SB4, signed by Abbott in December 2023, creates three new state criminal offenses for illegal entry and reentry that mirror federal statutes. Any police officer in Texas can arrest suspected illegal entrants. State judges can order removal to Mexico or impose sentences up to 20 years in prison for noncompliance. The law establishes Class B misdemeanors for illegal entry, with repeat offenses escalating to state jail felonies.

The crisis prompting Texas action shows in the court's own statistics. More than 6 million illegal aliens from over 100 countries crossed the Texas-Mexico border during 2021-2023. Fiscal Year 2023 alone recorded 2,475,699 unlawful crossings, not including "gotaways" who evade detection.

"This case concerns whether the State of Texas, exercising its historic, sovereign police powers, can legislatively protect its citizens from a surge of illegal aliens in response to an unprecedented border crisis and a declared invasion," Judge Jerry Smith wrote for the majority.

A pivotal political shift removed federal opposition when the Trump administration withdrew the Department of Justice's lawsuit against SB4 in March 2025. The Biden administration originally sued to block the law in January 2024, but federal resistance evaporated under new leadership. That leaves only private advocacy groups and local jurisdictions fighting the measure.

Judge Smith dismissed the standing challenge in clear terms. He quoted Chief Justice Roberts: "Courts sometimes make standing law more complicated than it needs to be." Smith added that "plaintiffs cannot 'manufacture standing by voluntarily' incurring costs." The majority found the plaintiffs voluntarily incurred expenses to advocate for clients rather than suffering concrete injury.

Judge James Ho's concurrence framed the issue in constitutional terms. "If our adversaries are going to weaponize mass migration to harm America as well as other countries, our elected officials are entitled to respond accordingly," Ho wrote.
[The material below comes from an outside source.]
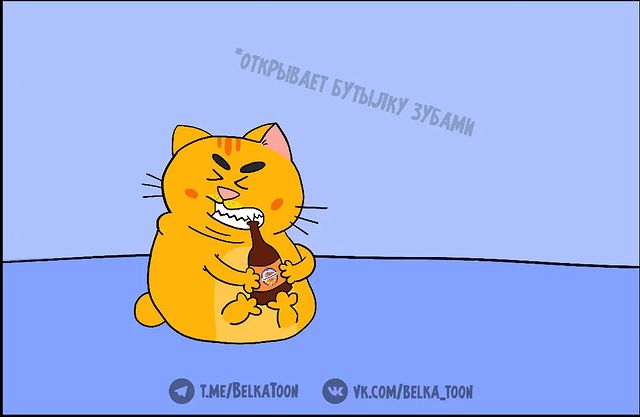 belka_toon в LOOKY. #рыба,#кот,#комикс,#авторскийкомикс,#прикол,#мем,#угар,#пиво,#fish,#cat,#comics,#comix,#18+,#beer,#mem,#lol,#kek,#cheburek. Рыб и Кот. Выпуск 2
...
He argued these are "political matters for which elected officials are held accountable by voters, not judges."

Immigration advocacy groups expressed alarm at the ruling. "We are alarmed by the Fifth Circuit's decision to allow S.B. 4 to move forward, leaving immigrant families across Texas to live in fear of a law that a prior panel rightly found unconstitutional," said Edna Yang of American Gateways.
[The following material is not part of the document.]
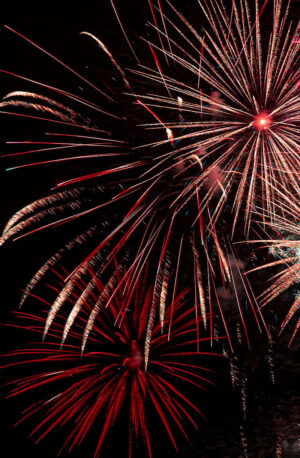 Fireworks Wallpaper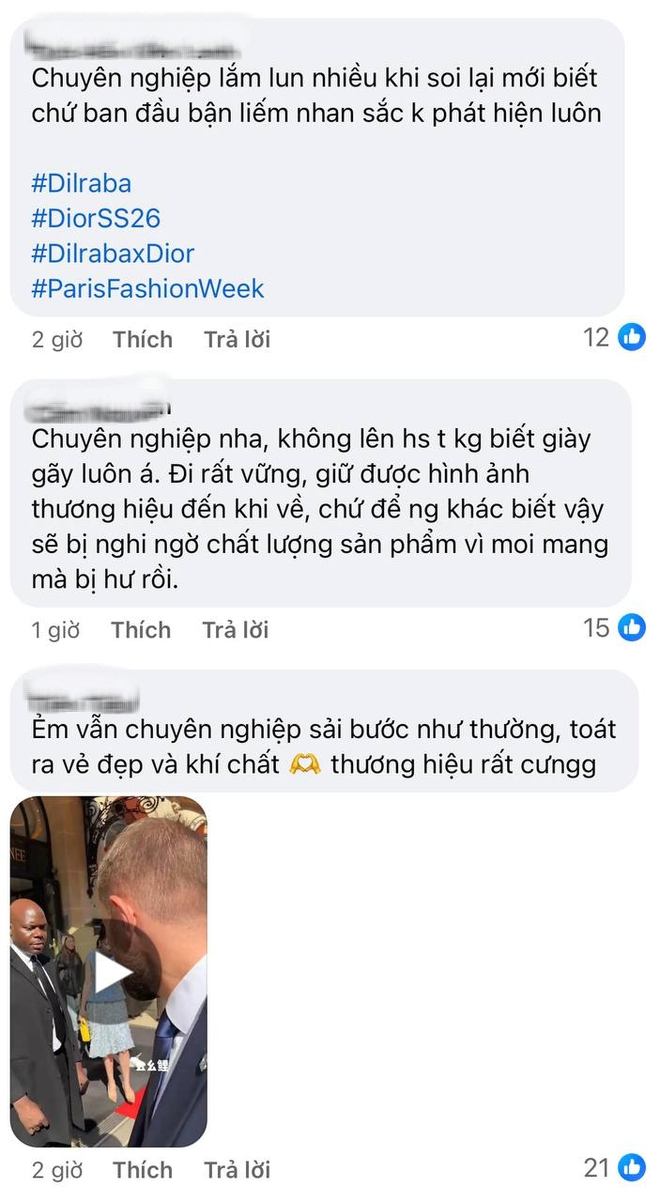 Dior gửi giày long gót cho Địch Lệ Nhiệt Ba- Ảnh 2.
Rochelle Garza of the Texas Civil Rights Project asserted that "no state should have the ability to create and enforce its own immigration laws." The law includes affirmative defenses for legal presence, DACA recipients, and asylum seekers, tracking existing federal immigration crimes.

Texas Attorney General Ken Paxton stated the decision marked a victory. "Texas's right to arrest illegals, protect our citizens, and enforce immigration law is fundamental," Paxton stated. "This is a major win for public safety and law and order."

This ruling marks the third border security victory for Texas in the Fifth Circuit since 2024. The court previously upheld Texas's right to install marine barriers in the Rio Grande and maintain concertina wire barriers that federal authorities sought to remove.

"Texas will not back down from its constitutional right to self-defense," Mahaleris affirmed. The decision establishes a durable precedent for other states facing similar border crises, offering a legal model to bypass federal obstruction and enforce state immigration measures.